Some tips for keeping your digital presence clean?
1. Avoid trolling on the Web, even though it’s so easy to do and it’s so common. Try not to put other people down. You never know when you’ll encounter someone again in the future. Treat others well on the Web, and others will often return the favor, giving you a positive digital identity.
2. Consider staying clear of certain topics that could put you in danger. For instance, use caution when posting about politics, religion or other issues that people typically have strong opinions about; in the heat of the moment, you might say something you’ll later regret. Or if you do post about these things, if you want to let people know where you stand, just know you may have to answer to that later.
3. Watch closely for anything you’re tagged in. With facial recognition technology of the future, any photo of you at all — even if not tagged — could resurface, so use your best judgment in “the real world” too.
4. Beware of the mentality, “Oh, I can just delete that later.” Screenshots can happen at any time. You never know.
5. Take a deep breath every time you’re about to hit “Post” or “Tweet” or “Send” (email is part of your Web presence too). Think about how you’re identifying yourself to the world, even if it is to just one person because you never know — if not now, years from now.

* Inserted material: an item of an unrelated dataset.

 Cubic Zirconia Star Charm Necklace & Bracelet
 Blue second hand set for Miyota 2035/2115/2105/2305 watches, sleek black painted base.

6. Don’t be fake and don’t lie. Make sure you’re proud of what you’re sharing and that it is authentically you. While they often involve fleeting moments, posts to social media can be pulled up again later and make you look foolish.
7. Careful not to be too silly. Understand the offline consequences of treating the Web as a joke — even if you mean something as a joke, it can be interpreted differently, especially when re-visited at a different time. In a lot of contexts, you can get away with jokes, but sometimes they can come back to really bite you.
With some effort, you can go above and beyond tidiness to make your online presence stand out — not just maintaining an active social media presence, but utilizing digital products in creative ways that make you unique. In job searches, for instance, this can really help set you apart.
It’s not always easy to see the impact of your online activity, especially when you’re young, having fun, experimenting in the world and figuring out your life. It’s so easy to get lost in the moment. But what you do online, every moment of every day, can have consequences; you have to take responsibility for it.